Battle of Kuruyuki
| Date | January 28, 1892 |
| Location | Near Cuevo, Bolivia |
| Result | Bolivian Army victory |

Belligerents
- Bolivia: Eastern Bolivian Guaraní

Commanders and leaders
- unknown: Apiaguaiki Tumpa

Strength
- 50 soldiers, 140 creole militia, 1,500 Indians: unknown

Casualties and losses
- unknown: 600 dead

= Battle of Kuruyuki =

Battle in Chuquisaca, Bolivia

The Battle of Kuruyuki or Battle of Curuyuqui was fought near the town of Cuevo, Bolivia on January 28, 1892. The combatants were the Eastern Bolivian Guaraní (called Chiriguanos at that time) and a force made up of Bolivian military, militia, and Chiriguanos friendly to the government and Christianity. Often described as a massacre, the battle resulted in an overwhelming victory by the government forces. In the aftermath of the battle the government forces executed the Chiriguano leader, Apiaguaiki Tumpa or Hapiaoeki Tumpa, and many captives.

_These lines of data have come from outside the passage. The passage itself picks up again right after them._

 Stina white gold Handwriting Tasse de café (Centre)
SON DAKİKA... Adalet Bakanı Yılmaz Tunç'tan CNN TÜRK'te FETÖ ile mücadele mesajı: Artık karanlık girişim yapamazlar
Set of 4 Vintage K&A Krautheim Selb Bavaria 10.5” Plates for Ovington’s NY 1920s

The battle ended 400 years of conflict by the Chiriguanos against, first, the Inca Empire, secondly, the Spanish Empire, and finally, the independent country of Bolivia.

Chiriguanos is the historical name, deriving from Quechua and Spanish, for the people who now prefer to be known as the Ava Guaraní or simply Guaraní.

==Background==

The Eastern Bolivian Guaraní, popularly called Chiriguanos, were a warlike people who fought against the Inca Empire, its successor, the Spanish Empire, and Bolivia from 1520 or earlier until the Battle of Kuruyuki in 1892. They were mostly successful until the 1860s when a combination of encroachment on their lands by Spanish-speaking ranchers and settlers (creoles), antagonism between Christian and non-Christian Chiriguanos, and, possibly, demographic decline led to the defeat of Chiriguanos who wished to preserve their independence and rejected Christianity.

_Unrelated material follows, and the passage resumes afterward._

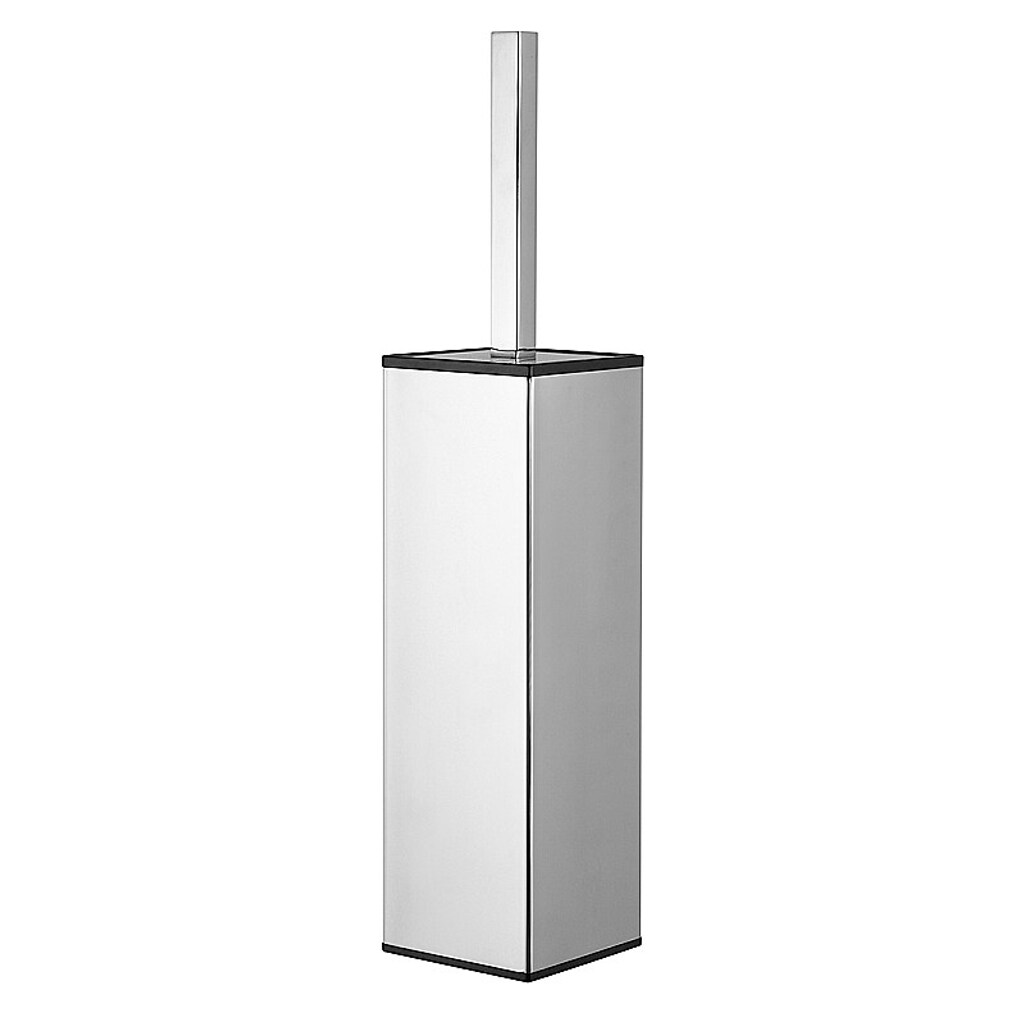 Brillantbad BIA WC-Bürstengarnitur stehend oder hängend Messing Chrom poliert für Bad & WC >> zum Bohren oder Kleben* | 04250657519790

The Chiriguanos, who may have numbered more than 100,000 in the 18th century, were never united and their fragmentation into factions weakened their capability of countering the increasing power and influence of Bolivian Creoles in the late 19th century.

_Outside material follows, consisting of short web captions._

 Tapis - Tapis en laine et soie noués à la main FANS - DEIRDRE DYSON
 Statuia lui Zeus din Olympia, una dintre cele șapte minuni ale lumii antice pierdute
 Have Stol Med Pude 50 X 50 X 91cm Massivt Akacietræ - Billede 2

Chiriguano responses to the increasing stress on their society in the 19th century included the acceptance by many of Christianity and/or residence in the relatively safe, but regimented, environment of Franciscan missions—ten of which were established between 1845 and 1891. Other Chiriguanos made their peace with creole ranchers and settlers or journeyed to Argentina for seasonal work in the sugar cane fields. By 1891, 11,000 Chriguanos, many of them non-Christians, lived in the missions and most of the rest were working on ranches in Bolivia and Argentina.

In 1889, however, a 28-year old Chiriguano man named Chapiaguasu began his career as a prophet and healer with a message of restoring the old order of Chiriguano society and expelling the creoles and missionaries from their lands. Chapiaguasu called himself Apiaguaiki Tumpa (the Eunuch of God) and the aims of the movement he led were similar to other contemporary millenarian movements around the world such as the Boxer Rebellion in China and the Ghost Dance in the United States.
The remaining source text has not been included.